Minneapolis City Council Considers Legalizing Adult Bathhouses After Nearly 40 Years of Ban

The Minneapolis City Council will consider legalizing and regulating venues where consenting adults can engage in sexual activity, including adult bathhouses.

The city has banned such venues for nearly 40 years.

In 1988, Minneapolis passed an ordinance to ban bathhouses, which at that time included three establishments: Hennepin Baths, Locker Room Baths and Big Daddy’s Bath House. All of them closed prior to the ban; Locker Room Baths was known as the 315 Health Club at the time.

The city council referred a package of four proposed ordinances to staff. The ordinances would create a licensing framework, update zoning regulations, revise health standards and add exceptions to existing indecency laws.

The proposed changes come as the city council also considers an ordinance that would decriminalize drug paraphernalia.

Adult bathhouses and sex venues were a component of nightlife prior to the advent of the AIDS crisis in the 1980s, which led to the passage of numerous ordinances banning them across virtually all U.S. urban areas. The last bathhouse to operate legally in Minneapolis closed in 1988.

In a statement, council member Jason Chavez argued: “LGBTQIA+ gathering spaces, including bathhouses, have long been targeted by criminalization and policing, and our communities have paid a devastating price for that.”

Several cities in Minnesota, including Duluth and St. Paul, have allowed bathhouses to continue operating with varying levels of oversight.

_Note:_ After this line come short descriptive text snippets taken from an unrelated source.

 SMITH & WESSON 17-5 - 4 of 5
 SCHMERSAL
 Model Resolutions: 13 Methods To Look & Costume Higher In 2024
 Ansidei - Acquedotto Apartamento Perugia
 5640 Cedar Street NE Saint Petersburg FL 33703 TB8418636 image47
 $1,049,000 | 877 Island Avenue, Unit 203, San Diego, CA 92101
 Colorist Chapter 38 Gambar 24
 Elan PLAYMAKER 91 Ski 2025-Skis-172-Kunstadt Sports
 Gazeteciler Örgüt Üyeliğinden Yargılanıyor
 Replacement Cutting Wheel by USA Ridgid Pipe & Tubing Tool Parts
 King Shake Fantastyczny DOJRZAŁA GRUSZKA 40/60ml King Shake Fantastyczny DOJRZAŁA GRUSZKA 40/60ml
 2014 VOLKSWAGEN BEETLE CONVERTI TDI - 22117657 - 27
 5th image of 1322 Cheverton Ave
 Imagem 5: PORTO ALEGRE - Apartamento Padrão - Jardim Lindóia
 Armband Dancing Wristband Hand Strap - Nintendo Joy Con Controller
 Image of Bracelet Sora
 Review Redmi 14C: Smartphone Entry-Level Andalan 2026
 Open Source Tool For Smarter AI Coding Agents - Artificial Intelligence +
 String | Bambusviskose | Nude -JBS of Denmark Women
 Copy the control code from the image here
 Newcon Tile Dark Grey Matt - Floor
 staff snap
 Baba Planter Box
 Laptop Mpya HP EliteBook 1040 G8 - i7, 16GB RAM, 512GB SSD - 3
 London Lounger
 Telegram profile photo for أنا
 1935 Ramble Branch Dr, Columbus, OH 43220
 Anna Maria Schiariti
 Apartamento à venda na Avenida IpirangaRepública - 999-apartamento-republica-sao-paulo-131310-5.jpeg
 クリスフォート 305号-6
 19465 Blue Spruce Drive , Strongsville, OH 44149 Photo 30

One ordinance would add a new chapter to city code specifically for adult sex venues, establishing licensing and business regulations for establishments where sexual activity between consenting adults may be facilitated.

“We don’t necessarily look back at the codes that we’ve adopted and revisit them and be like, ‘is this still what we need?’ I think this is something we don’t need if it doesn’t match our current public health landscape,” said one advocate.

Historians note that there was a rich and expanding industry for adult bathhouses in the Twin Cities before the 1979 raid, when they went largely unmonitored by police departments.

Compared to other major cities, Minneapolis is an outlier by not having bathhouses. Numerous cities across the nation—including Chicago, Fort Lauderdale, Fla., Cleveland, Ohio, Berkeley, Calif., and Dallas, Texas—have them, as does Duluth.

The council is expected to forward a series of directives to city staff on Thursday that would decriminalize and legalize adult bathhouses and sex venues while introducing zoning and health ordinances. A final vote is expected in June after a public hearing.